"Dr. Livingstone, I presume." Welsh-born American journalist Henry M. Stanley (1841-1904) uttered those words, or so he claimed, upon tracking down the Scottish missionary and long-missing explorer Stanley Livingstone beside Lake Tanganyika in central Africa in 1871. Stanley continued to investigate Africa on a series of expeditions that he described in "Through the Dark Continent"--journeys that later drew criticism for Stanley's harsh dealings with the tribesmen he encountered. But there was no question of his courage and energy in the face of extreme hardship. This book's subtitle alone--"The Sources of the Nile, Around the Great Lakes of Equatorial Africa, and Down the Livingstone River to the Atlantic Ocean"--is enough to quicken the pulse.
No one could be further from the imperious Henry Stanley than William Dalrymple, a sensitive modern-day Oxford graduate who, in 1986, made a pilgrimage from Jerusalem to the ruins of the palace of the Mongol emperor Kublai Khan, not far from Beijing. Dalrymple endures a succession of rides in impossibly dilapidated buses on a quixotic journey to the real Xanadu, where he and a friend, in a fine drizzle, declaim Samuel Taylor Coleridge's poetic fantasy of the place. Dalrymple, who has since written extensively about India and the Mughal empire, seems in his first book, "In Xanadu," as soft as sealing wax receiving its first impression. Yet his keen intelligence and critical faculties are already apparent. The result is "On the Road" for aesthetes.
In his last work, Polish writer Ryszard Kapuscinski, who died earlier this year, contrasts his own curiously low-key and enigmatic travels through India, Africa and China in the 1960s and '70s with accounts left by the granddaddy of all travel writers and historians, Herodotus, who lived in the fifth century B.C. But Kapuscinski resists facile then-and-now comparisons. Pondering his first sight of the Nile in 1960, or witnessing a Louis Armstrong performance in the Sudan, he examines different worlds and historical periods through the prism of his own melancholy sensibility. Nothing in this multidimensional work is quite what it seems, because Kapuscinski writes like a reporter and thinks like a poet. He acts as if it were the most natural thing in the world to live one's entire life out of time and out of place.
Every so often, it is tonic to read an honest-to-Pete, can-you-believe-this historical account of nightmarish events. "White Gold" is such a book. The prolific English travel writer and historian Giles Milton describes with riveting immediacy the ordeal of Thomas Pellow, who, along with his English shipmates, was taken prisoner by Barbary Coast slave traders at war with Christendom in the early years of the 18th century. Pellow wound up in the service of Moulay Ismail, the sadistic sultan of Morocco, for 23 years--making for more than two decades of grisly adventures and near-death experiences. "White Gold" offers a topsy-turvy view of a decadent Islamic empire in which orthodoxy fights a losing battle with the temptations of the flesh.

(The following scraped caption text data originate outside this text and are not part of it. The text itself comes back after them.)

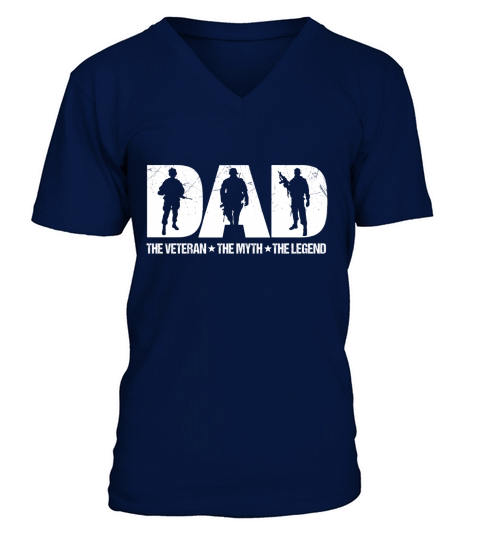 Veteran Dad The Man The Myth The Legend T-Shirt V-Neck T-shirt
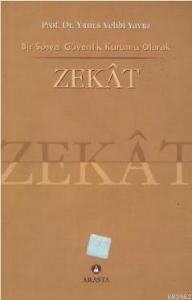 Bir Sosyal Güvenlik Kurumu Olarak Zekat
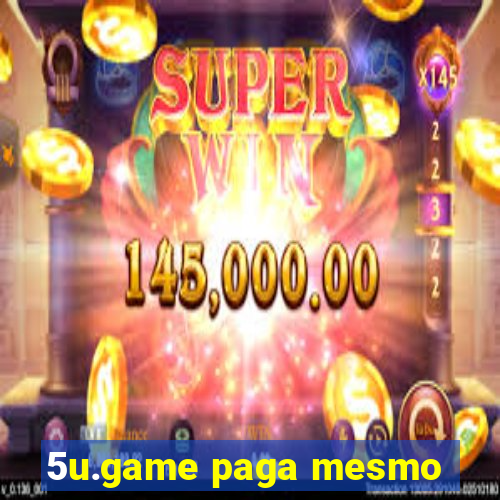 5u.game paga mesmo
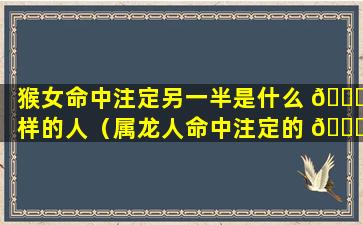 猴女命中注定另一半是什么 🐛 样的人（属龙人命中注定的 🍀 另一半是什么生肖）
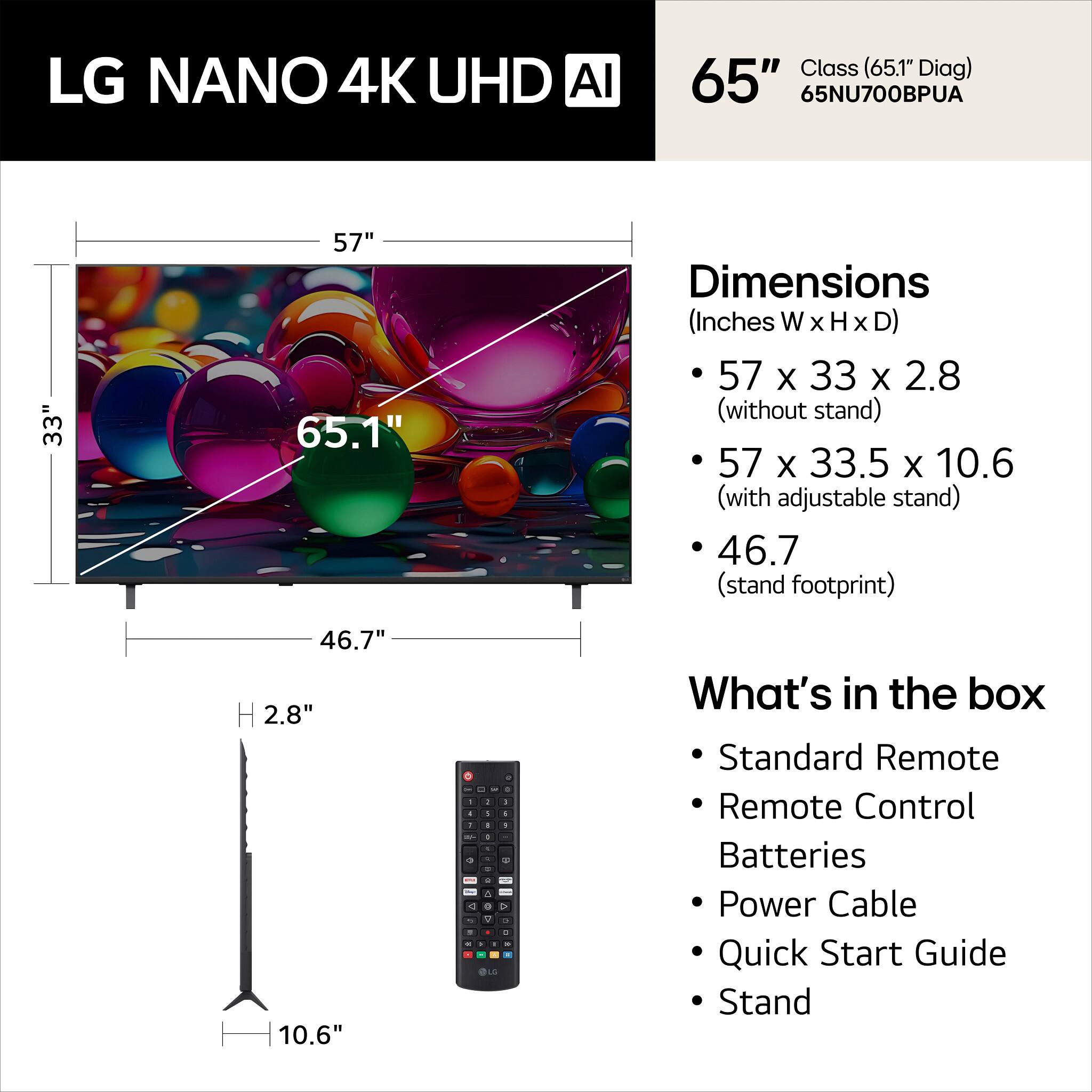 LG NANO 4K UHD AI Class (65.1" Diag) 65" 65NU700BPUA

Dimensions (Inches W x H x D)
- 57 x 33 x 2.8 (without stand)
- 57 x 33.5 x 10.6 (with adjustable stand)
- 46.7 (stand footprint)

What's in the box
- Standard Remote
- Remote Control
- Batteries
- Power Cable
- Quick Start Guide
- Stand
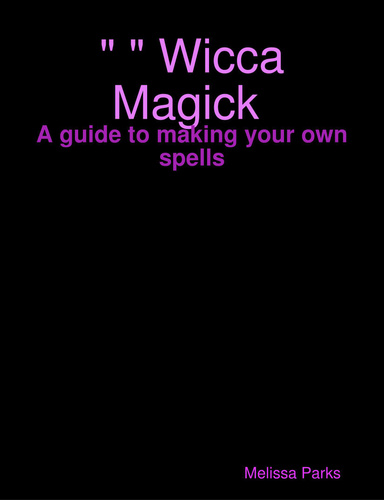 " " Wicca Magick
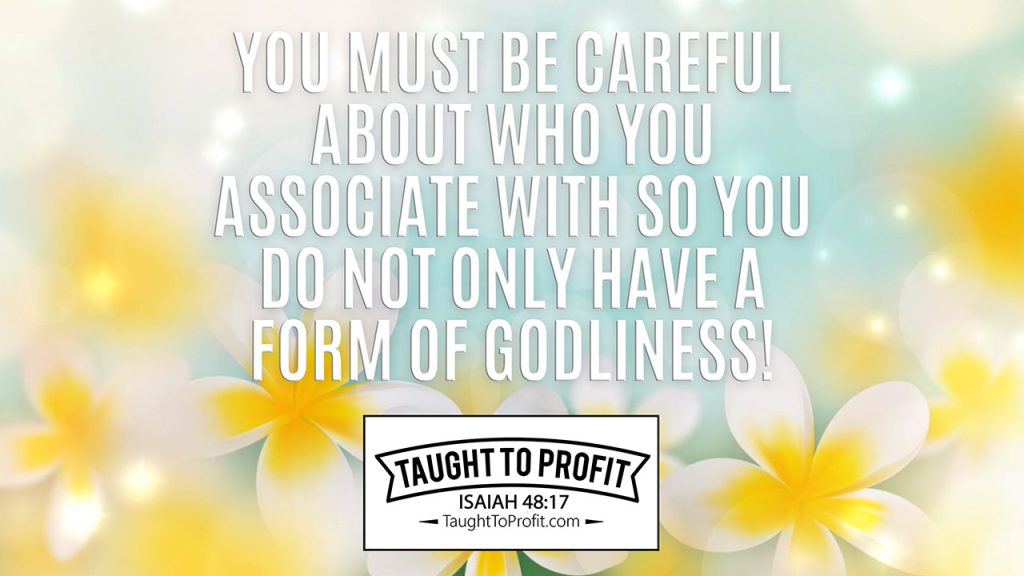 You Must Be Careful About Who You Associate With So You Do Not Only Have A Form Of Godliness!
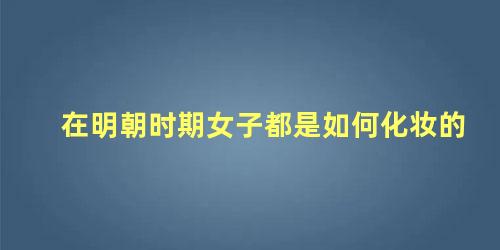 在明朝时期女子都是如何化妆的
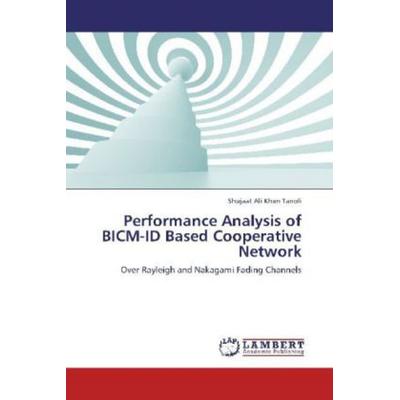 Tanoli, S: Performance Analysis of BICM-ID Based Cooperative, Taschenbuch von Shujaat Ali Khan Tanoli, LAP LAMBERT Academic Publishing,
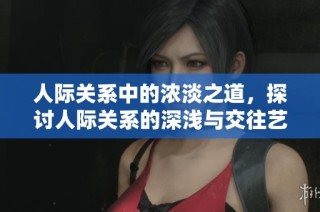 人际关系中的浓淡之道，探讨人际关系的深浅与交往艺术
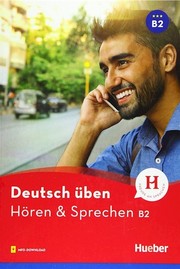 Deutsch üben  Hören und Sprechen B2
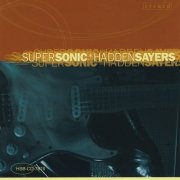 Hadden Sayers - SuperSonic (2001)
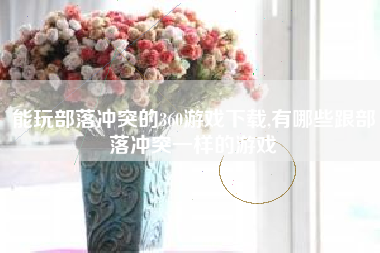 能玩部落冲突的360游戏下载,有哪些跟部落冲突一样的游戏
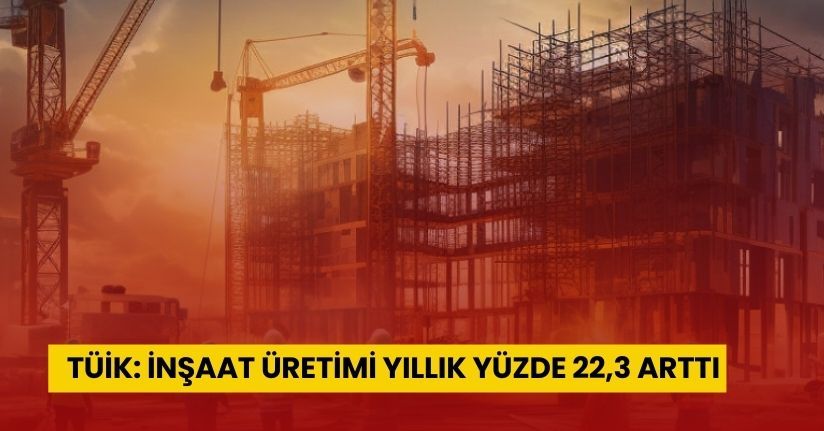 TÜİK: İnşaat üretimi yıllık yüzde 22,3 arttı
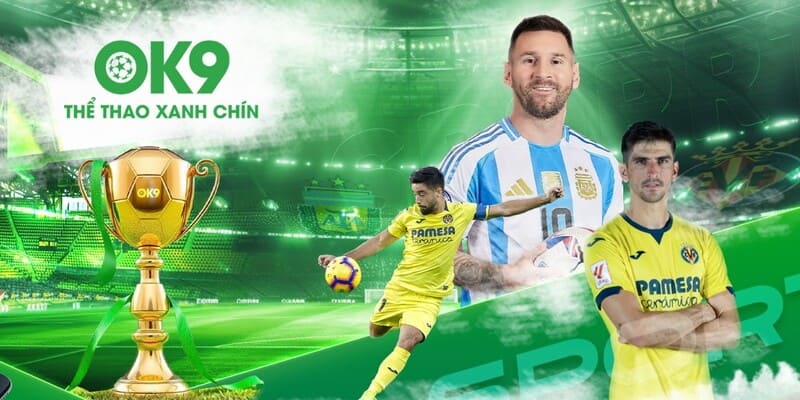 Kèo chấp đồng banh và cách lụm thưởng tại thể thao OK9 7 Kèo chấp đồng banh tại OK9 uy tín xanh chín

A few decades after the Venetian Marco Polo traveled across Asia in the late 13th century and dictated an account of his adventures to an amanuensis, Ibn Battuta, the son of a prosperous Moroccan merchant, traveled through many of the same regions and cities--and dictated an account of his own adventures. Scholars wonder how much he actually saw himself and how much he simply heard and passed on. (They wonder the same thing about Marco Polo, of course.) Between 1325 and 1349, Ibn Battuta claimed, he traveled across Egypt, Persia, Russia, India, parts of China and even Sumatra. The best way for Westerners to approach "Rihla," as the original account was called, is through Ross E. Dunn's narrative discussion, which captures the flavor of the original but adds astute modern commentary.